Leadership..

Since childhood, I have been deemed the leader. I’m the eldest, first born daughter of four children. That implied, in my parents eyes, I’m the leader.

Outside of birthright, I never felt like the leader or understood what a leader was to be like. My parents, in good faith, I’m presuming, meant well, but did not prepare me for leadership. I was thrusted into a role and responsibilities, because that’s just the way it was to be.

I failed miserably as the leader. I did not have support from my parents when I was not able to harness leadership over my very unruly siblings. I was severely punished for not getting something correct the first time, and shamed when asking for guidance or help.

I learned from that experience that a “leader” never asks, they just know. And since I’m a leader, I better know and know it fast.

I have been placed in many leadership roles in school, work, and even in my friendship groups. Particularly, in my friendship circles, I would be the main person that kept the relationship going. I would lead in planning events, trips, and social activities. Or, as it felt, I would be the person that would be there when someone needed. In my working professions I was on adding on leadership responsibilities to gain experience. I was continually told that I am a leader and should become more comfortable in that.

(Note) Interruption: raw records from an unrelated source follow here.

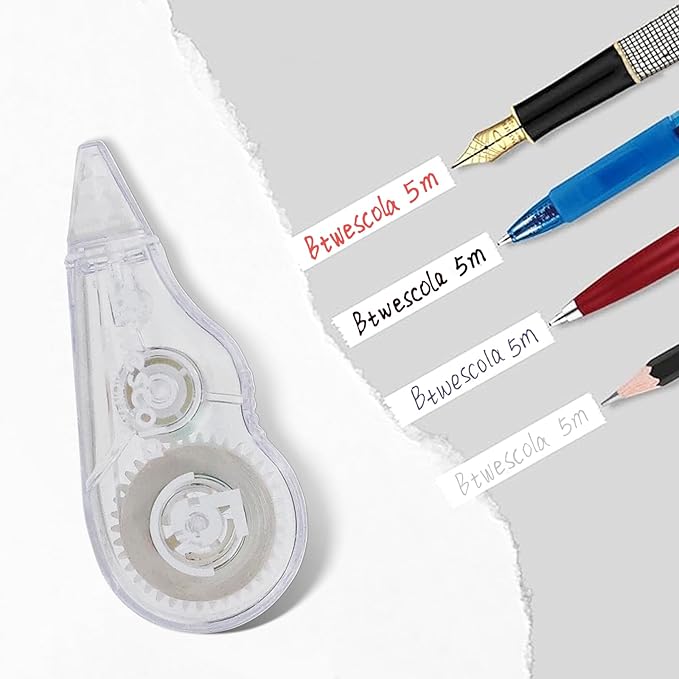 Correction Tape, 16.4FT EZ Tear-resistant Correction Tape, Easy To Use Applicator for Instant Correction Without Drying Time (10pcs/set)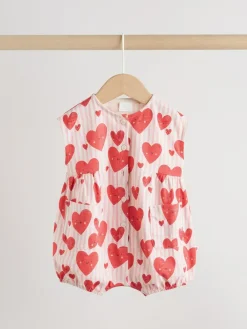 New Next 3 Pack Baby Rompers Red Heart Printed Button Through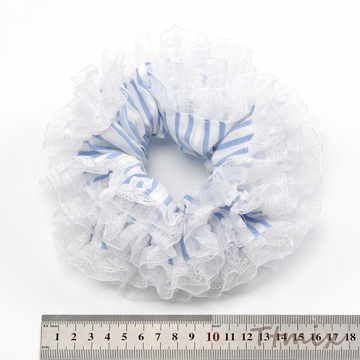 シュシュ ストライプ柄レース付き 上品 可愛い ヘアゴム ヘアアクセサリー 髪留め 髪飾り（1ヶ）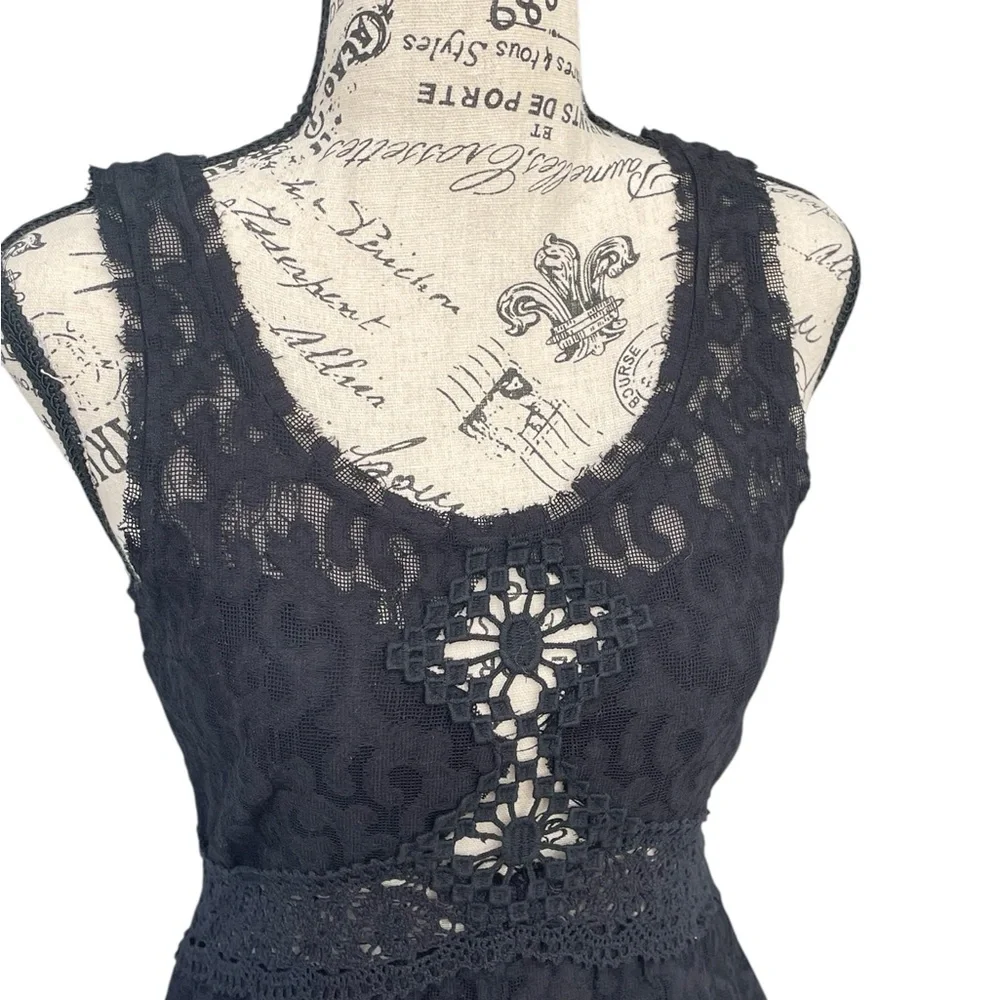 Free People Black Daisy Chain Lace Crochet Bodycon‎ Mini Hippie Dress Siz…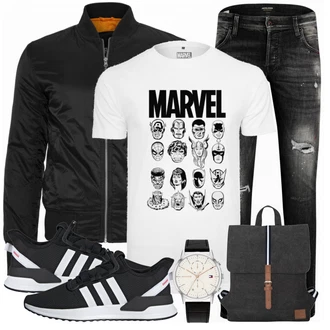 Outfit mit Schwarz Schuh Sneaker Adidas Originals "Freizeit Outfit"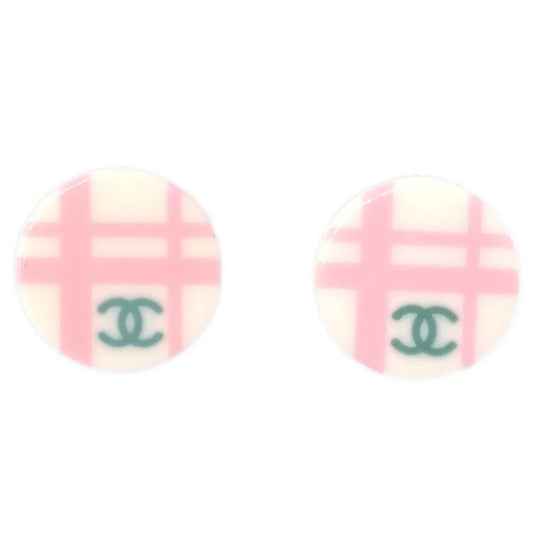 Chanel Button Piercing Earrings White 05P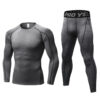Men 2pcs Workout Clothes Set Quick Dry Long Sleeve Compression Shirt and Pants Set Fitness Gym Sports Running Suits (13)
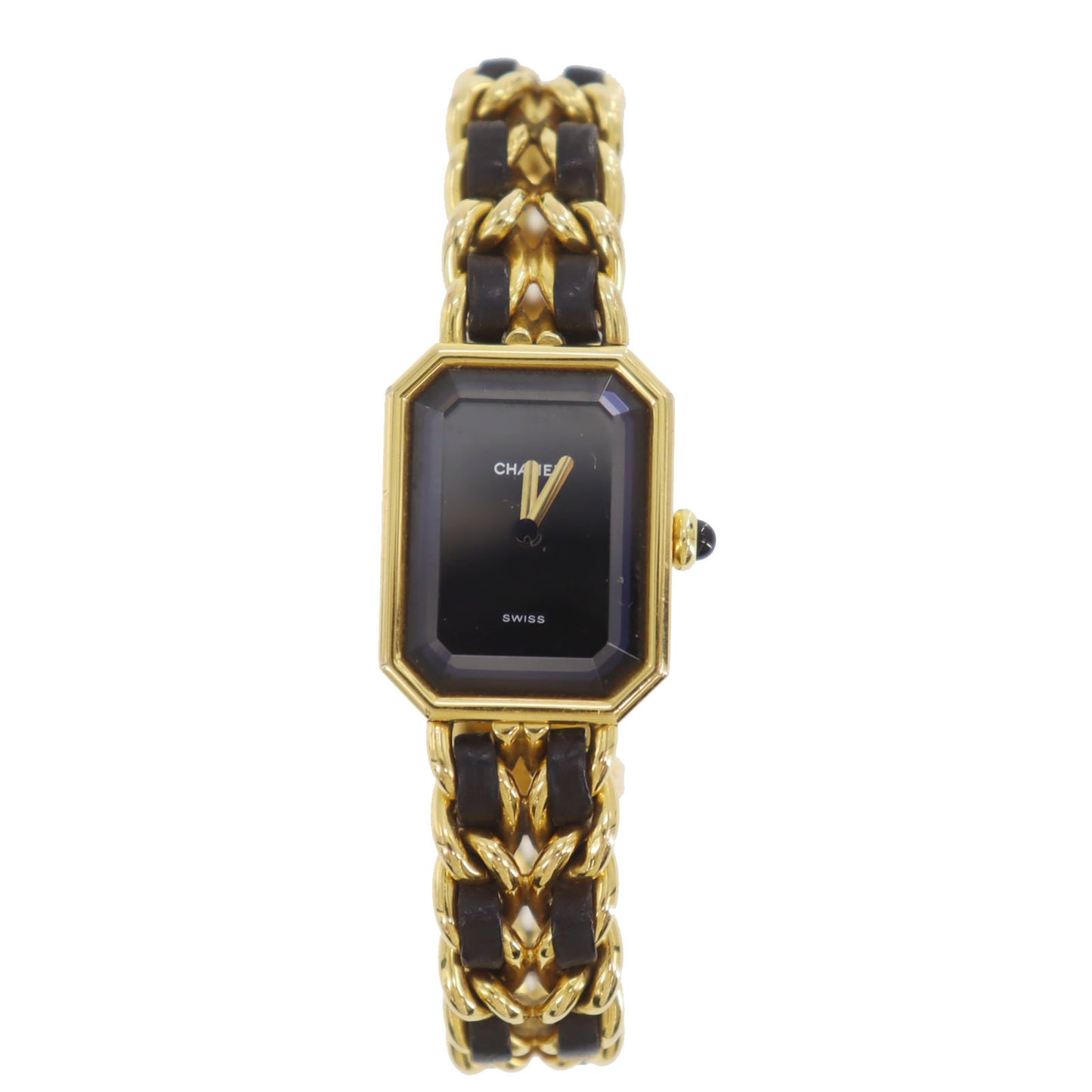 CHANEL Premiere Discontinued Wristwatches L Gold Black Quartz #CW937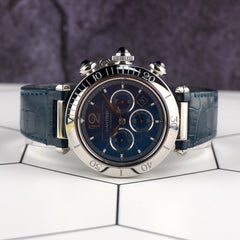 Cartier Pasha 41mm Chronograph Blue Dial Steel Mens Watch 4363/WSPA0039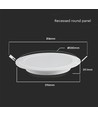 Panneau LED encastrable, 24W - Découpe : Ø28 cm, Dimensions : Ø29,6 cm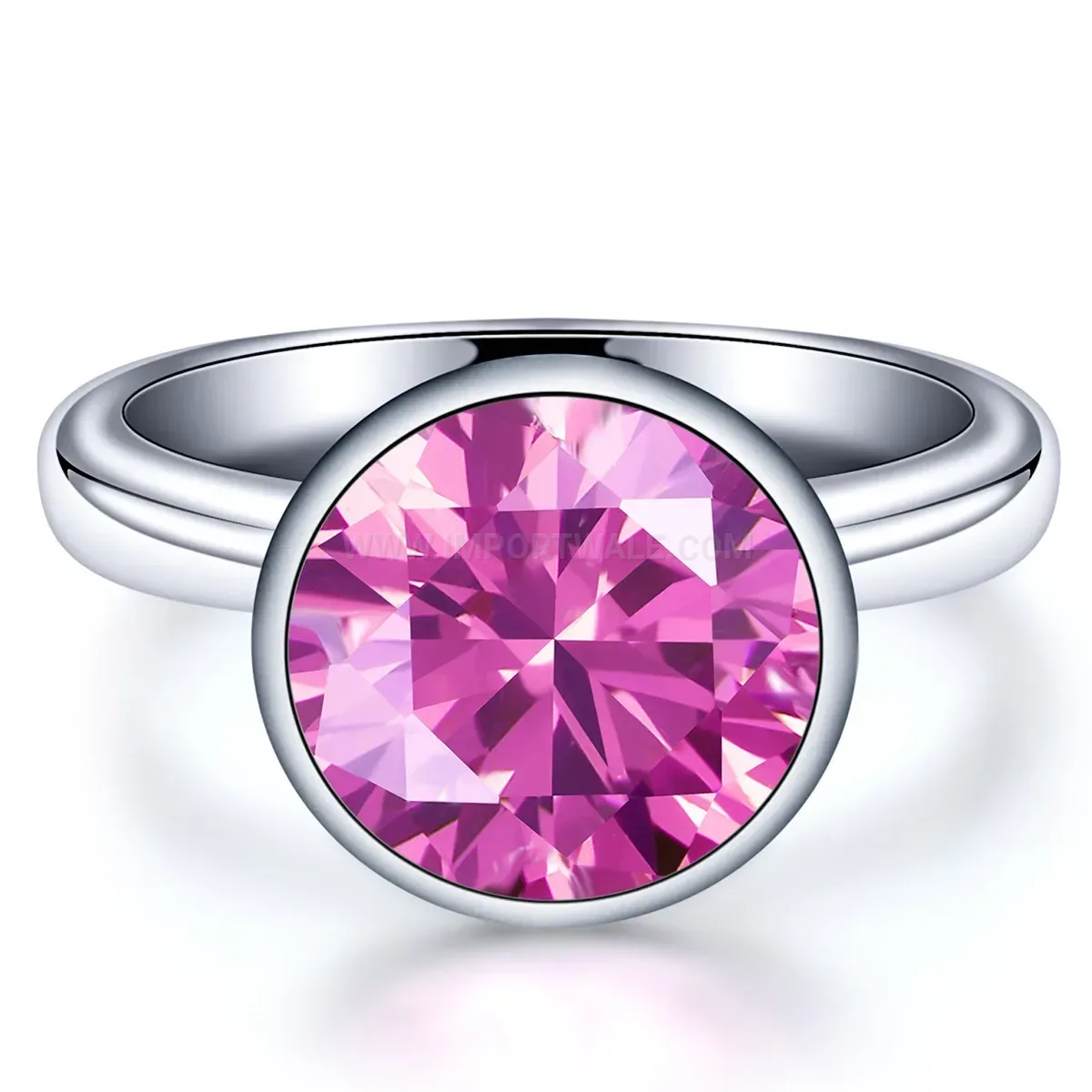 Designer Vibrant Cubic Zirconia Stainless Steel Solitaire Ring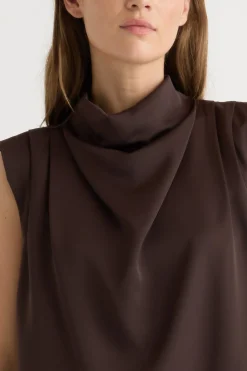 Hua Jia Allegra Gathered-Neck Sleeveless Blouse< Tops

I didn’t realize until recently that I am NOT the leader at all. I do have is the gift of leadership, Having the gift doesn’t mean you are the leader, and you can relax in being your more authentic self.

When that was presented to me, my feelings were hurt. More deeply, my ego was bruised. My entire life identity up until that point, I believed that I was a leader and when things looked like it needed a leader, or feeling like you have to be the one that says, “I’ll Do It!”

Today, I can say, almost proudly, that I am NOT the leader. And, I feel free. I’m working through my ego deaths and maybe even an identity crisis.. not sure yet lol. But what I do know is that laying that part of what I believed I was or had to be, my soul seems lighter.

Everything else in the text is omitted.